Pertenezco al sustrato de verdes y marismas sepultado por dictamen gubernamental. Primero, de la dictadura franquista, al conferir facultad de destrucción del Estuario del Barbadun y terreno colindante habitado a Petronor –fundada en Bilbao en 1968–, para construir una refinería en el núcleo poblacional, al tiempo que autorizaba el uso de las 20 hectáreas ubicadas en dominio público marítimo-terrestre a su actividad petrolera durante 40 años. Ya en 2010, a falta de 2 años para agotar la concesión, a pesar de la Ley de Costas 22/1988, se continuaron vulnerando los derechos de recuperación de esta área de ecosistemas por las mismas instituciones vascas que se arrogan la gestión de velar por la ciudadanía, gracias a una enmienda del PNV a la Ley de Economía Sostenible del PSOE. Favoreciendo, por 40 años más, a una de las macroempresas torturadoras del planeta: Repsol, cuando debería haber sido improrrogable y el espacio natural usurpado catalogado ZEC, Zona de Especial Conservación.

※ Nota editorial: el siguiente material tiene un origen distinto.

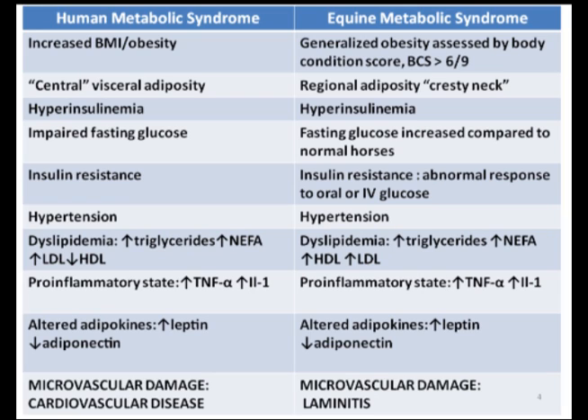We do not routinely measure horses' blood pressures in the field, however, as the equipment is not available to most ambulatory veterinarians. High levels of lipid or fat in the blood, termed dyslipidemia, occurs in both species, which is measured as increased triglycerides and non-esterified fatty acids, and low-density lipoproteins. One study would suggest that there are differences in lipoproteins in horses versus humans, but further research is required. Alteration in adipokines, otherwise known as hormones secreted by fat tissue, have been documented in both humans and horses. Damage to small blood vessels is well documented in humans and has been thought to contribute to the pathophysiology of laminitis in horses. In humans, microvascular damage results in cardiac disease.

Mientras prosigue su trazado de blanqueo de imagen y bienvenida de puertas giratorias, su acrónimo filial, Petronor, ha cumplido 52 años de invasión local, a espaldas de la verdadera actuación sostenible. Permanece en estado intocable, siendo el mayor hándicap medioambiental y de salud del municipio de Muskiz y aledaños, porque ni siquiera los expedientes sancionadores de Demarcación de Costas, avalados por la Audiencia Nacional, hacen mella en su blindaje institucional. Una historia repleta de irregularidades y connivencia política, como hemos comprobado días atrás con la voluntad del PNV: estampó su negativa a gravar fiscalmente a oligopolios energéticos cuyos beneficios en 2023 superan los 10.000 millones de euros. Y lo hizo de la mano de la ultraderecha y las derechas catalana y española.

Soy la mujer en la que se convirtió la niña que jugaba en la plaza del barrio a campo «quemao» y tres navíos en el mar; al marro, al hinque, a las tabas… la que veía muskerrak (lagartos) al sol en las aceras colindantes a la gran vega-marisma del río Barbadun antes de desaparecer bajo el asedio colonial.

En ocasiones, me gustaría volver a sentir miedo la víspera de examen: el nudo en el estómago por haber preferido jugar a estudiar. Aquel «medio miedo» al llegar a casa más tarde de la prescripción materno-paterna. Cambiarlos ambos por el miedo actual. Uno y otro eran, sin duda, motivo de menores secuelas que la huella que la petroquímica y su alianza política conllevan, e infinitamente menos dolorosos en lo humano, comunitario y personal.